Harlan Krumholz, a cardiac specialist at the Yale-New Haven Hospital Center, said no one knows whether blood complications are a result of a direct assault on blood vessels, or a hyperactive inflammatory response to the virus by the patient's own immune system.
"One of the theories is that once the body is so engaged in a fight against an invader, the body starts consuming the clotting factors, which can result in either blood clots or bleeding. In Ebola, the balance was more toward bleeding. In COVID-19, it's more blood clots," he said.
A Dutch study published April 10 in the journal Thrombosis Research provided more evidence the issue is widespread, finding that among 184 COVID-19 patients in an intensive care unit, 38% had blood that clotted abnormally. The researchers called it "a conservative estimation" because many of the patients were still hospitalized and at risk of further complications.
Early data from China on a small sample of 183 patients also showed that more than 70% of patients who died from COVID-19 had small clots develop throughout their bloodstream.
While acute respiratory distress syndrome, or ARDS, still appears to be the leading cause of death in COVID-19 patients, blood complications are not far behind, said Behnood Bikdeli, a fourth-year-fellow at Columbia University Irving Medical Center, who helped anchor a paper about the blood clots in the Journal of The American College of Cardiology.
"My guess is it's one of the top three causes of demise and deterioration in COVID-19 patients," he said.
That recognition is prompting many hospitals to overhaul how they think about the disease and treat it. When the novel coronavirus first hit, the Centers for Disease Control and Prevention and others put people with asthma at the top of their lists of those who might be the most vulnerable. But recently, European researchers writing in the journal Lancet noted that it was "striking" how underrepresented asthma patients had been. Earlier this month, when New York state released data on the top chronic health problems of those who died from the coronavirus, asthma was not among them. Instead they were almost all cardiovascular conditions.

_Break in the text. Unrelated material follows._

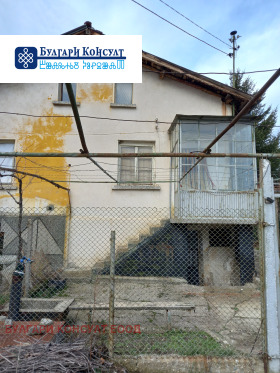 ������� ���� | Imot.bg � ����� ������ 3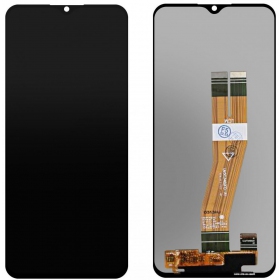 Samsung Galaxy A03s displej (Premium)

Some medical centers recently have begun giving all hospitalized COVID-19 patients small doses of blood thinners as preventive measures, and many adjusting doses upward for the most seriously ill. The challenge is that the more you give, the greater the danger of upsetting the balance in the other direction and having the patient bleed out.
Another big mystery the doctors hope the blood issue will shed light on is why some maternity patients are collapsing during or after giving birth.
A paper published in American Journal of Obstetrics & Gynecology MFM in late March detailed how two women with no prior symptoms of COVID-19 ended up in intensive care. The first was a 38-year-old patient of New York-Presbyterian/Columbia University Irving Medical Center in Manhattan who spiked a fever of 101.3 while undergoing a C-section delivery and began bleeding profusely. The second woman also underwent a C-section. But the next day, the 33-year-old developed a cough that progressed to respiratory distress. Her heart started beating irregularly and her blood pressure jumped to as high as 200/90.
Several physician-researchers said that the relationship between COVID-19, clotting and pregnant women is "an area of interest." Women in childbirth have always experienced clotting and bleeding complications because of the involvement of the blood-rich placenta but it's possible COVID-19 may be triggering additional cases by making some women's bodies "lose balance."
“There’s lots of speculation,” Krumholz said. “That’s one of the frustrating things about this virus. We’re in a lot of darkness still.”